The potential bonus needs to be significant enough to generate excitement, and actually get your people to help generate the profits that lead to bonuses.

Divvy up the bonuses in an equitable way.

Many companies divide the bonus pool according to base salary, so higher-paid people get a bigger percentage. You might use “shares”, just like the stock market. Make each $5,000 of base pay equal to one “share” in the pool. So, someone making $25K has 5 shares, and another making $30K has 6. If these are the only two employees in the bonus plan and the pool has $10,000 in it, there are now 11 shares total and each share is worth $909.09 ($10K/11 shares.) So employee #1 gets $4545.45 and #2 gets $5454.54. However you do this, keep it simple.

Make the first year an easy win.

Nothing will discourage your people more than starting a new bonus plan and then not earning a bonus. Set a fairly easy target in year one to show folks you are serious and to give them a taste of winning.

Consider paying the bonuses 30 days after the end of the quarter to help cash flow.

After all, your customers don’t pay you until after 30-45 days. Maybe more. So why not cut the bonus checks after that same amount of time? It’s a great real-life business lesson for your team.

Keep the bonus separate from regular pay.

I strongly recommend bonuses NOT be put on a regular paycheck (but of course you must take out payroll taxes.) Do a separate check run, so it isn’t perceived as pay. Make it clear that this is an additional reward for achieving a goal and is NOT an entitlement.

Your incentive plan can be a business drain or a business gain. Take the time to get it right.

Engage your Employees to Beat a Business Downturn

“I have recently had to let some people go. They were great people, but with our financial projections, we had to downsize. Some of my current staff has begun to get a bit discouraged about the company as a result of slowing sales and their friends no longer working here. What are some ways that I can make sure my remaining team stays excited and engaged during a tough time?”
– Worried Business Owner

Get your people involved in the come-back.

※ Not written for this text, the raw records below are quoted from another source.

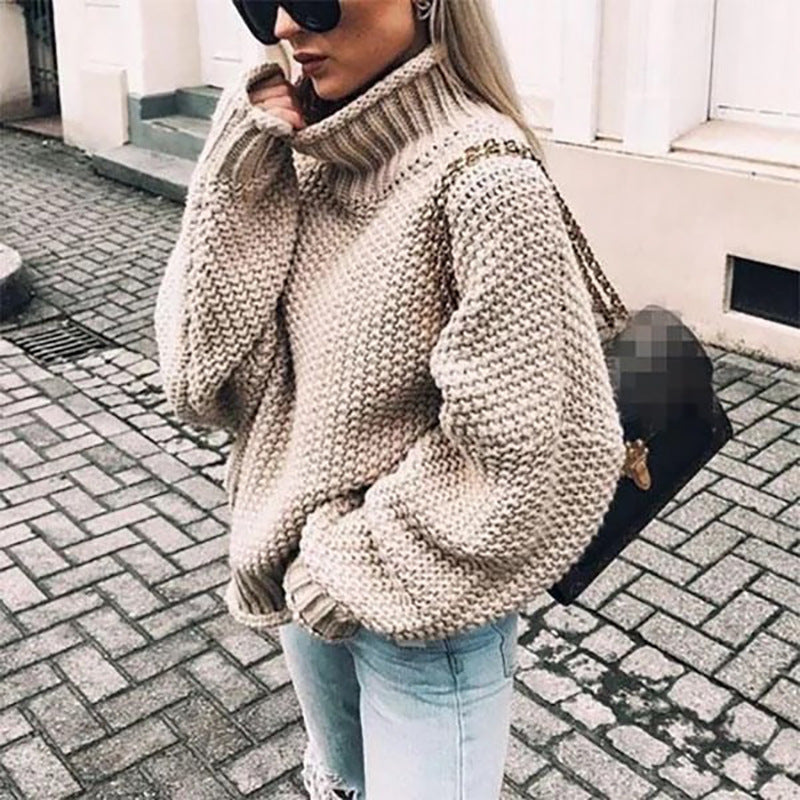 Women's Chunky Knit Turtleneck Sweater in Oversized Fit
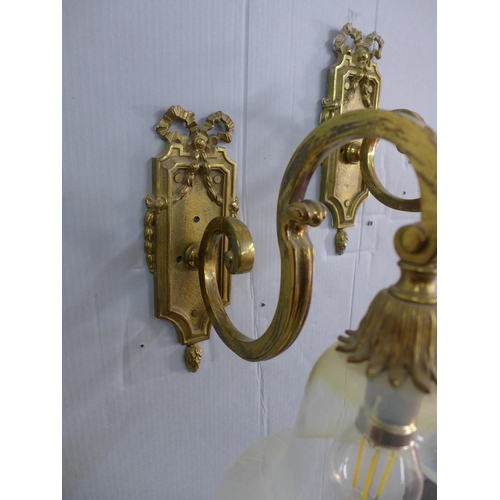 279 - A pair of brass wall lights with vaseline glass shades (one shade with a small rim edge chip) (2) 27... 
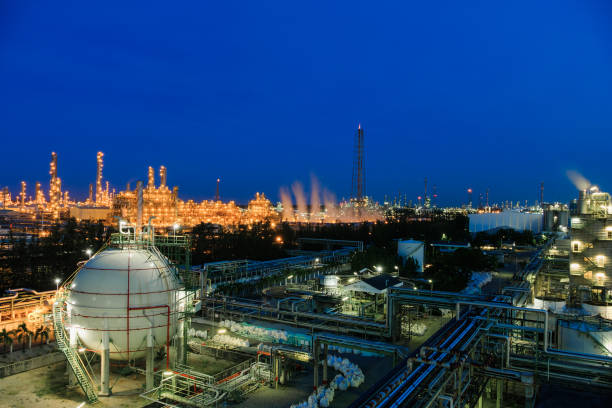 istock Oil and gas refinery 1187258326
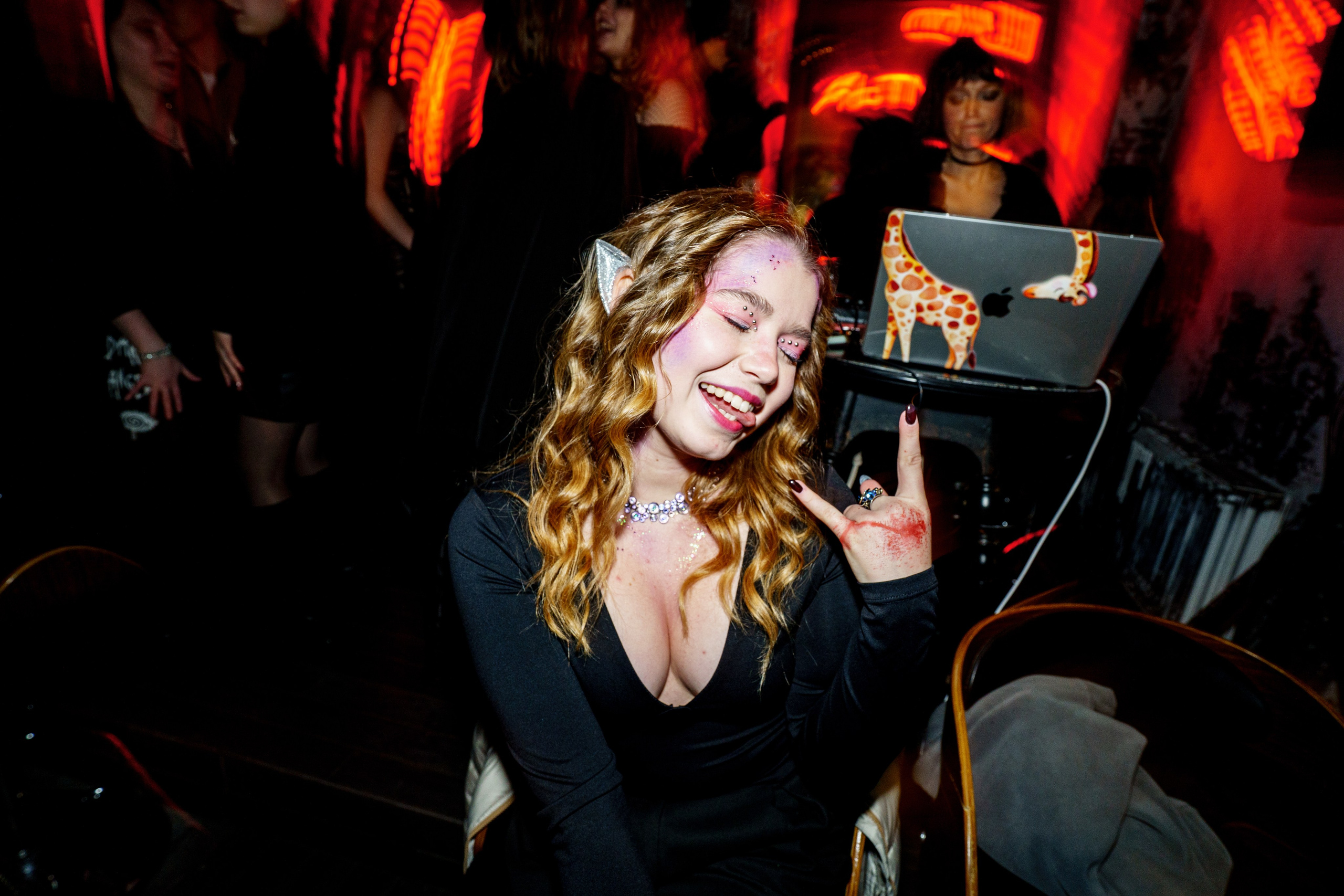Halloween party. Бар разбитых сердец. Концертный и репортажный фотограф в Санкт-Петербурге Слава Пахомов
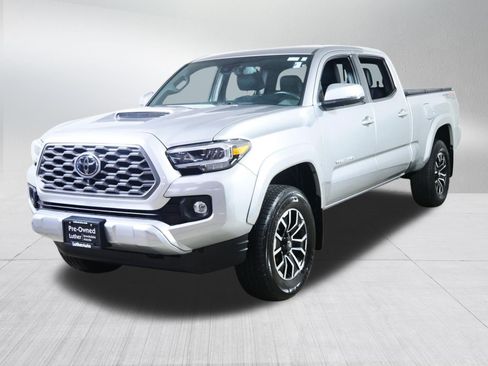 Used 2023 Toyota Tacoma TRD Sport w/ TRD Premium Sport Package AWD/4WD image 3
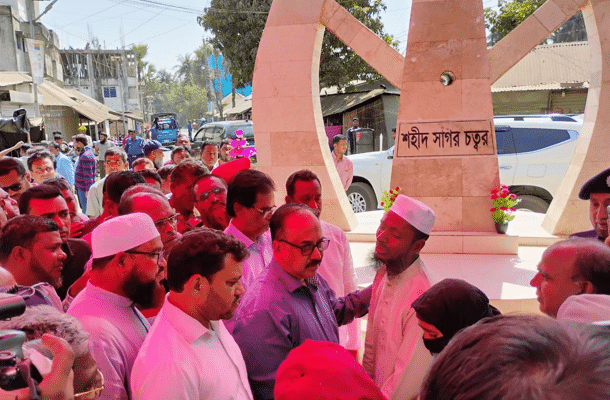 বৃহস্পতিবার (৬ই মার্চ) দুপুরে বালিয়াকান্দি ওবদার মোড়ে বৈষম্য বিরোধী ছাত্র আন্দোলনে ঢাকায় নিহত সাগরের নামে শহীদ সাগর চত্বর উদ্ধোধন করেন। এরপর বালিয়াকান্দি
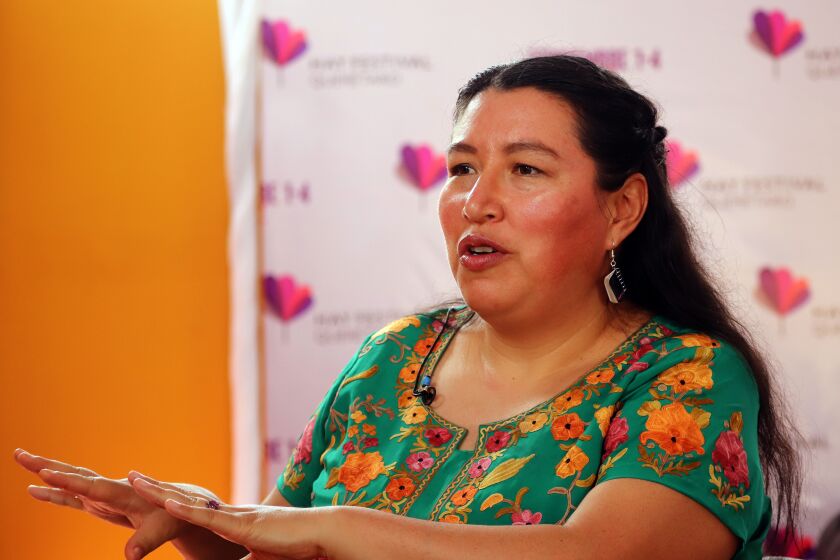 Las políticas de mestizaje provocan "desindigenización", acusa Yásnaya Aguilar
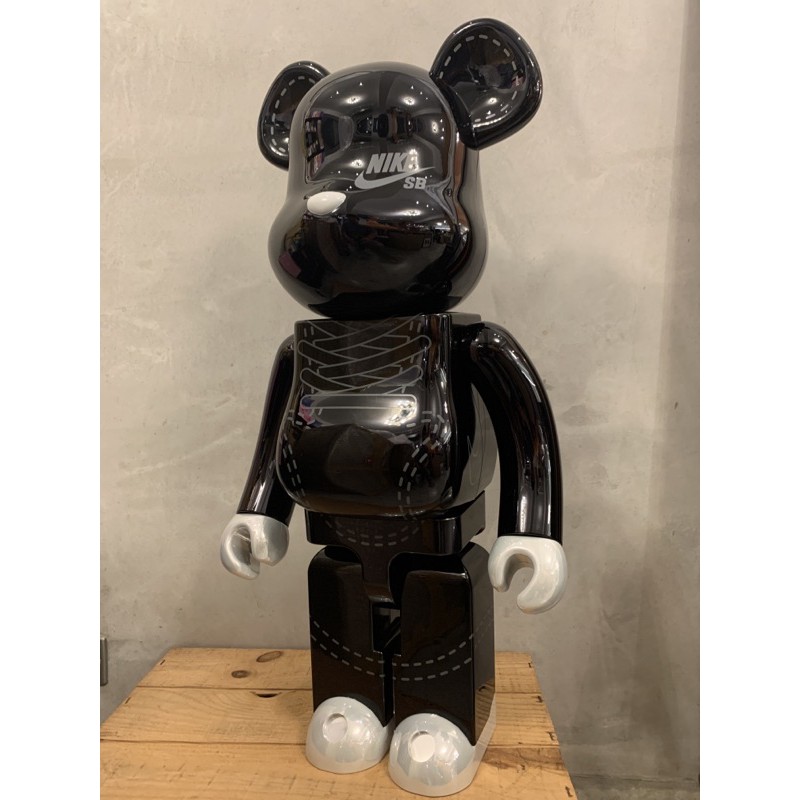 BLACK NIKE SB 1000% 2020 新品未開封BE@RBRICK BLACK NIKE SB 1000% 2020 新品未開封BE@RBRICK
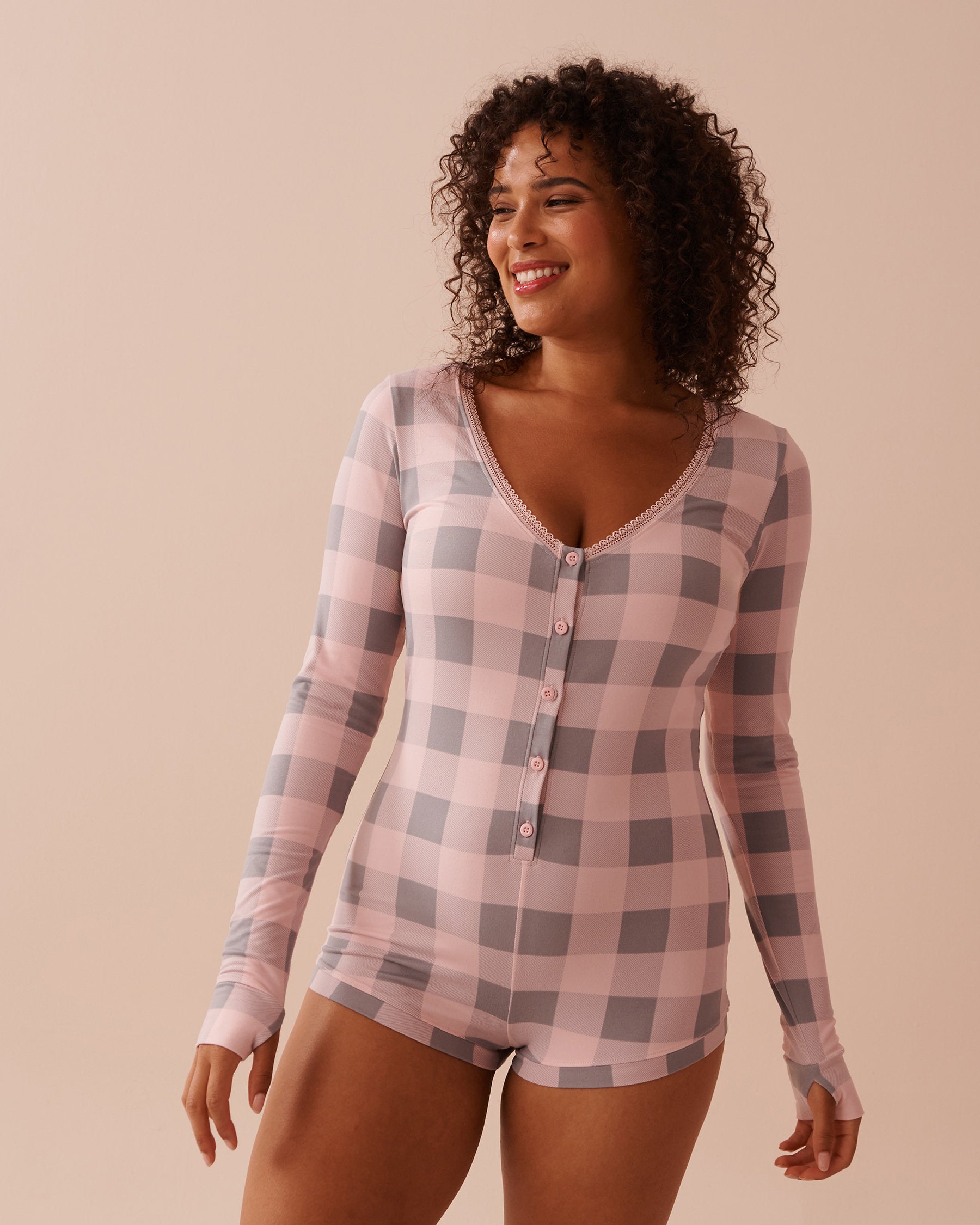 Pink Plaid Super Soft Long Sleeve Romper_40300050_P60297_05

Have a meeting and show them the numbers – where revenue was the last few years, and how much it’s dropped off. Explain the relationship between sales, headcount, and profits. Take questions, give straight answers, and encourage discussion.

Share your vision for the future. It might be emerging from the recession stronger than ever, or simply surviving. Regardless, give them the unvarnished truth. And, be sure to set the tone as positive and optimistic.

Ask for their active participation and support. First, banish the rumor mill and negativity. If your people have concerns or complaints, they should voice them in company meetings, to a supervisor or to you. No grousing around the water cooler.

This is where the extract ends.